# Anyone pickup insurance from SquareTrade?



## RickRom (Jan 4, 2012)

I have had insurance from SquareTrade on my Nexus S and both of my iPads cause they were the more expensive 3G versions with 32GB or 64GB of memory and would be hard to replace.

I had no issues with SquareTrade, and I was able to get a partial refund as promised when I sold my Nexus S and iPads before the 2 years of coverage expired. I'm thinking about getting insurance for the Nexus, but I'm not sure if I really need it since the device did not cost as much.

Anyone pick up insurance yet? I see SquareTrade is offering it for $40 for 8GB and $50 for 16GB on their site...

http://www.squaretrade.com/nexus7


----------



## mldiroff (Dec 18, 2011)

Yep, got Square trade on my first 16gb. Bought the 2nd one for wifey and got the OfficeMax one which was comparable and same price.

Sent from my Nexus 7 using Tapatalk 2


----------



## bouchigo (Jun 9, 2011)

RickRom said:


> I have had insurance from SquareTrade on my Nexus S and both of my iPads cause they were the more expensive 3G versions with 32GB or 64GB of memory and would be hard to replace.
> 
> I had no issues with SquareTrade, and I was able to get a partial refund as promised when I sold my Nexus S and iPads before the 2 years of coverage expired. I'm thinking about getting insurance for the Nexus, but I'm not sure if I really need it since the device did not cost as much.
> 
> ...


I'm pretty sure it's 8GB and 16GB, not 16GB and 32GB. But, yeah, I got insurance from them for my 16GB N7 for $35 I believe it was. I've used their insurance on all my electronics, and the 3 times that I needed it, they came through.
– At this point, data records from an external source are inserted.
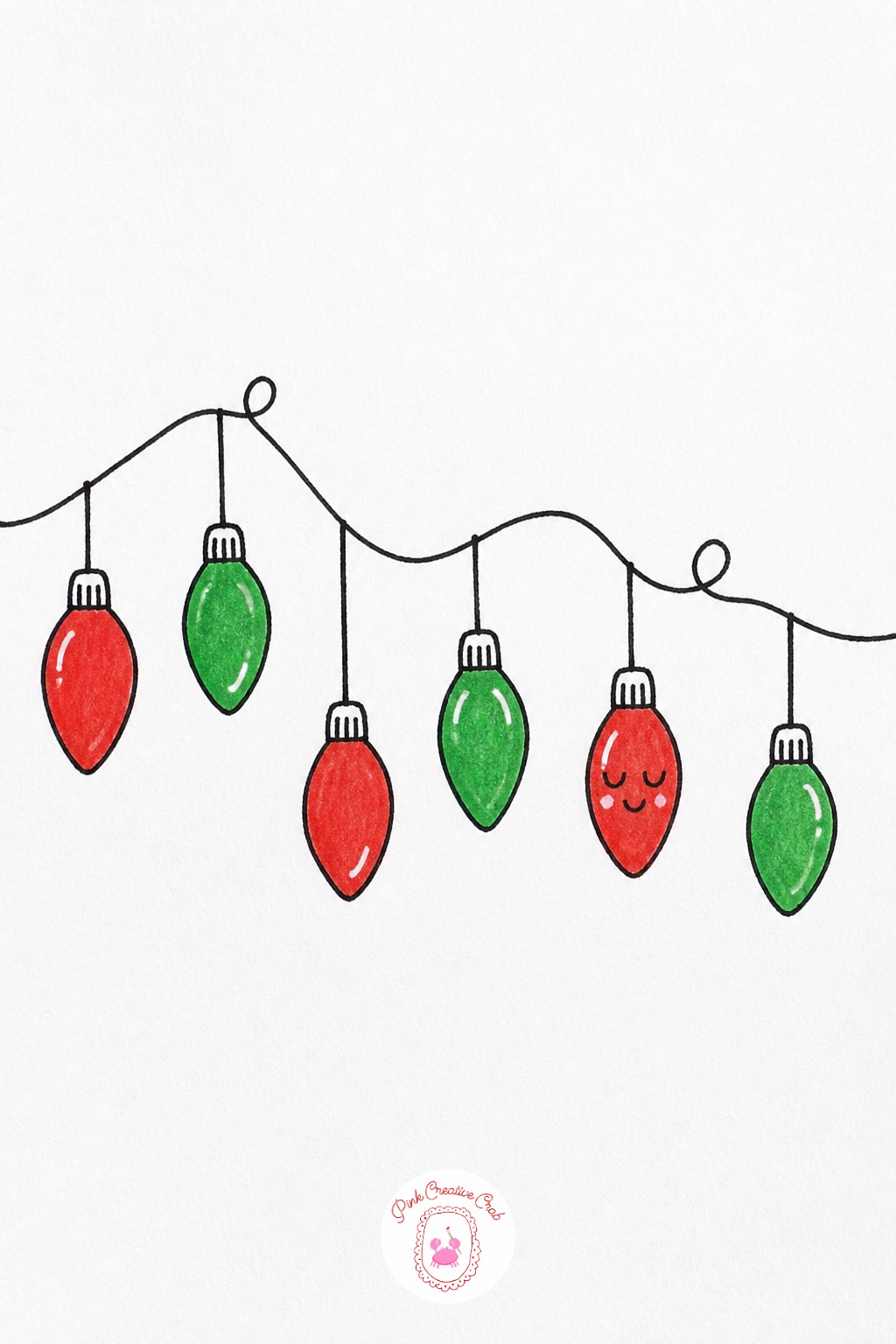 Christmas Light Bulb String — Draw a wavy wire line that dips at different heights, then hang three or four simple bulb shapes from it. Cute christmas doodles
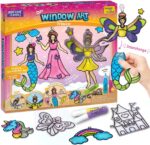 Imagimake Window Art Princess | اسباب بازی دخترانه 5-10 سال | ست نقاشی شیشه ای 16 پارچه | طرح های پرنسس، پری دریایی و اسب شاخدار | کیت هنرهای خلاقانه و صنایع دستی | هدایای ماه رمضان، تولد و برگشت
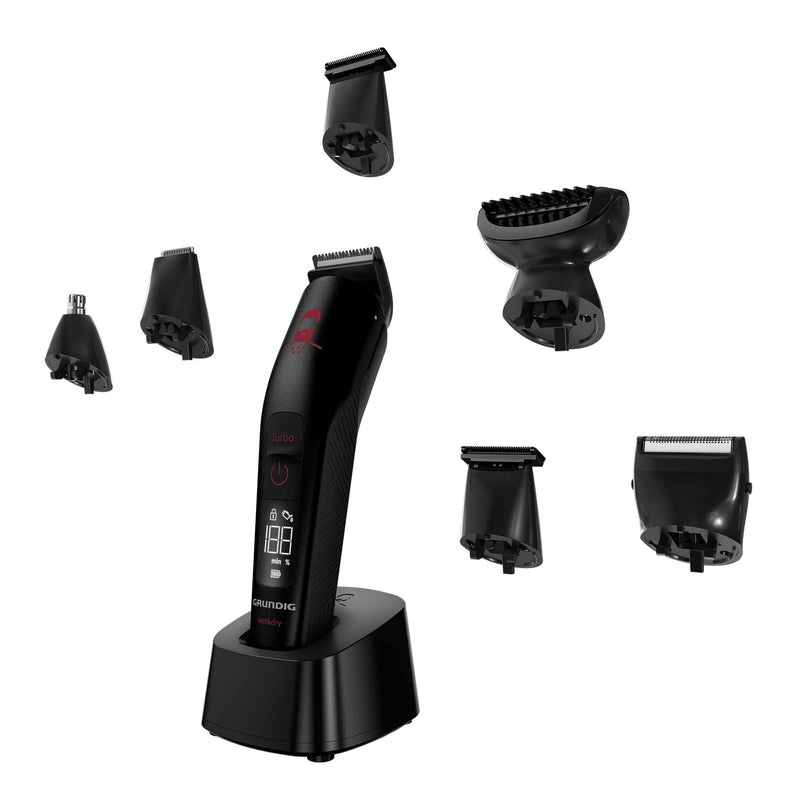 [Australia] - GRUNDIG MGK 9030 ProClub multi-hair cutting set, BeardCare sensor, wet & dry use, with Li-Ion battery technology, cutting set with titanium coating, matt black/red 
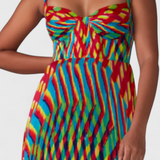 Vestido Maxi Janis con Estampado Artístico y Elegante Escote Halter Sweetheart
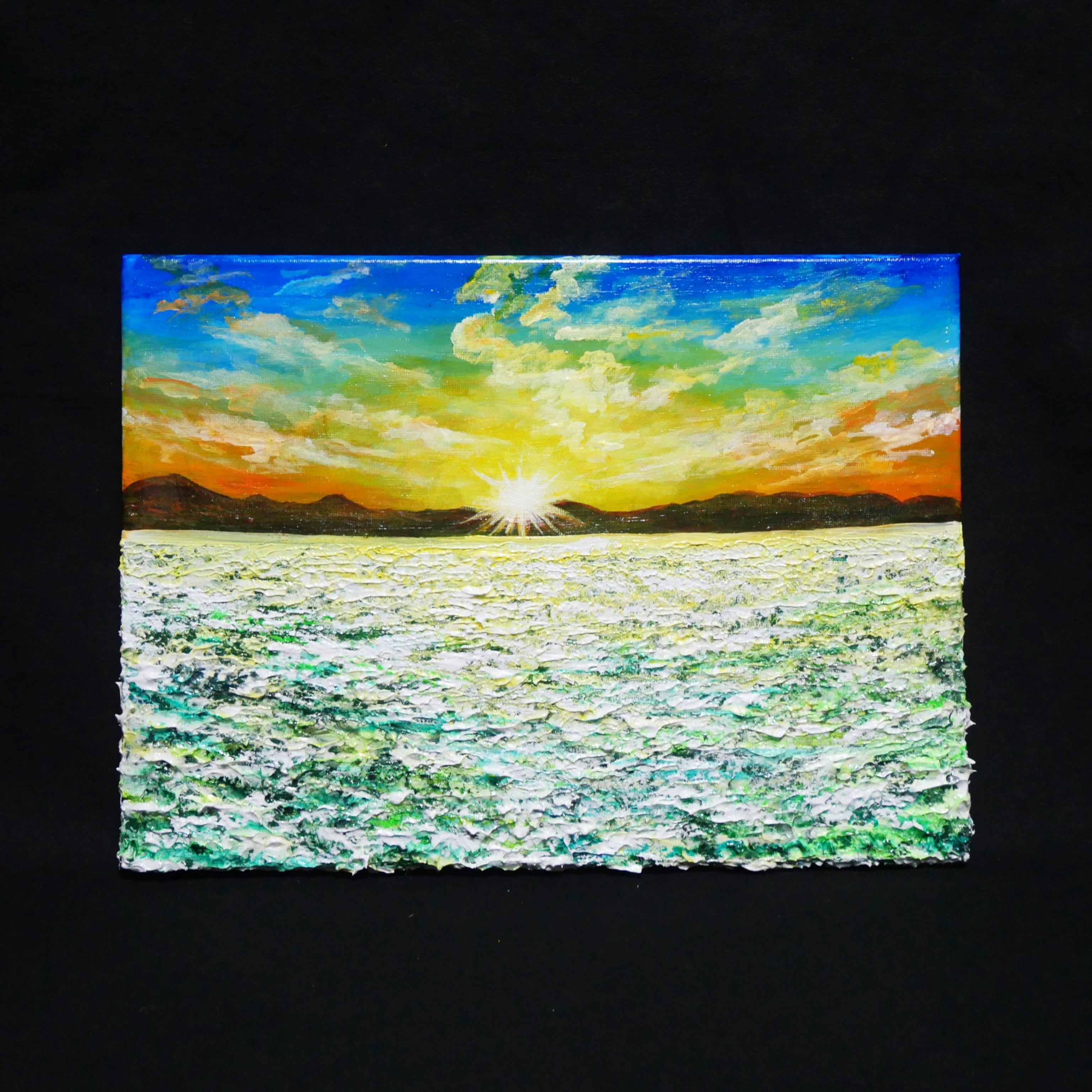 油絵 油彩 油彩画 絵 絵画　【草原に咲く白い花と朝日】 油絵 油彩 油彩画 絵画 絵【草原に咲く白い花と朝日】 | HIROSHI1990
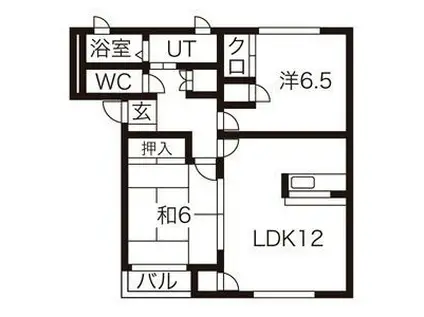 プラセール A棟(2LDK/2階)の間取り写真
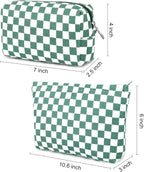 SOIDRAM 2 Pcs Checkered Makeup Bag Large Cosmetic Bag Toiletry Bag Makeup Pouch Travel Bag Organizer Cute Makeup Brushes Aesthetic Accessories Storage Bag for Women Olive Green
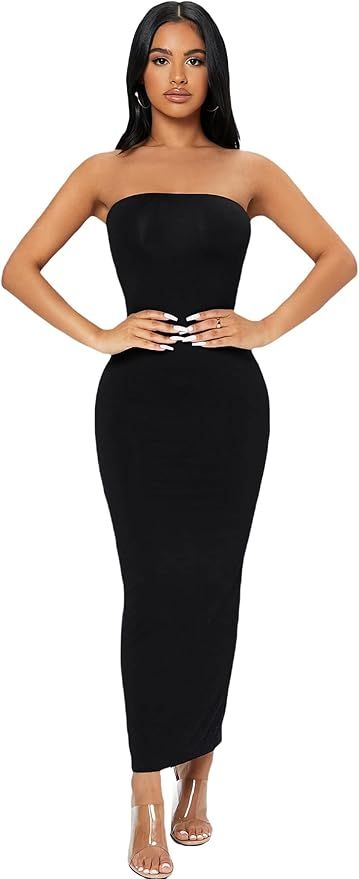 Floerns Women's Sleeveless Tube Top Sexy Strapless Bodycon Maxi Club Dress | Amazon (US)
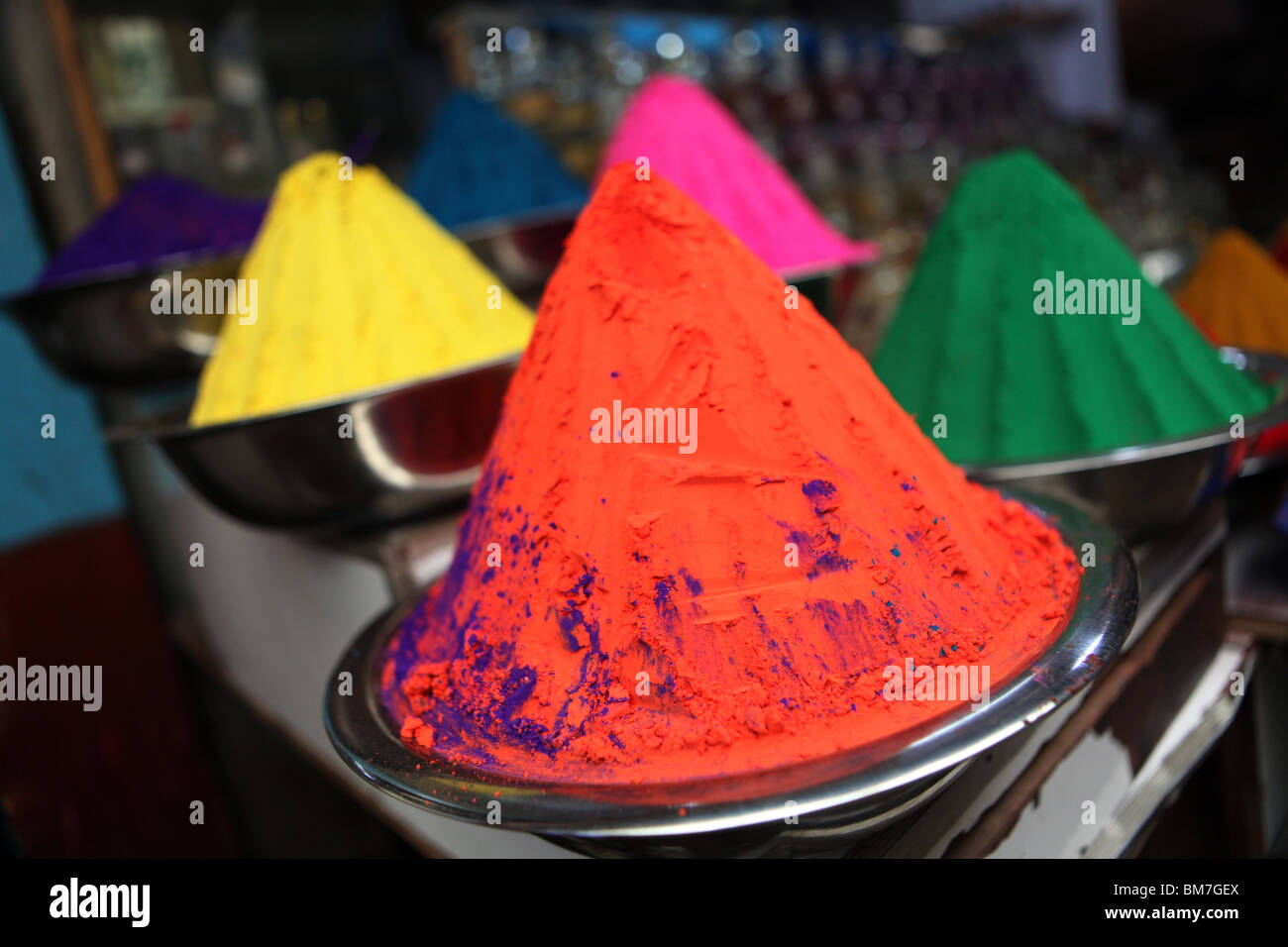 Coloured colored kumkum powder on display in Devaraja market in Mysore, Karnataka, India. Stock Photo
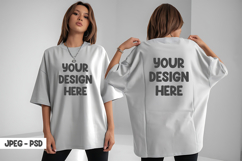 Trendy Female T-Shirt Mockup JPEG &amp; PSD Product Image 1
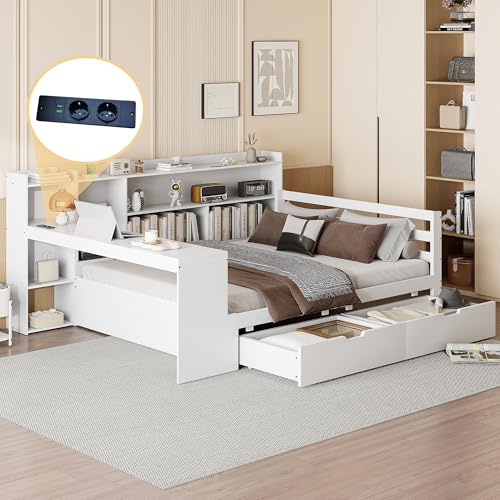 Dolamaní Tagesbett Bett 140x200 cm, Mit Schreibtisch Bücherregalen Ablagefächern und Regalen, 2 großen schubladen, Funktionsbett(Weiß)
Just a little over a month ago my fiancee was being chased by a dog, and she dropped her Droid X in the middle of the road while running away; the phone was run over by a few cars in the process. We got $600 for the phone from the insurance. Now she has the GS3; she's much happier with this phone than the Droid X to say the least


----------



## RickRom (Jan 4, 2012)

bouchigo said:


> I'm pretty sure it's 8GB and 16GB, not 16GB and 32GB. But, yeah, I got insurance from them for my 16GB N7 for $35 I believe it was. I've used their insurance on all my electronics, and the 3 times that I needed it, they came through.
> 
> Just a little over a month ago my fiancee was being chased by a dog, and she dropped her Droid X in the middle of the road while running away; the phone was run over by a few cars in the process. We got $600 for the phone from the insurance. Now she has the GS3; she's much happier with this phone than the Droid X to say the least


Sorry, that was a typo... was thinking of the GNex sizes for some reason lol


----------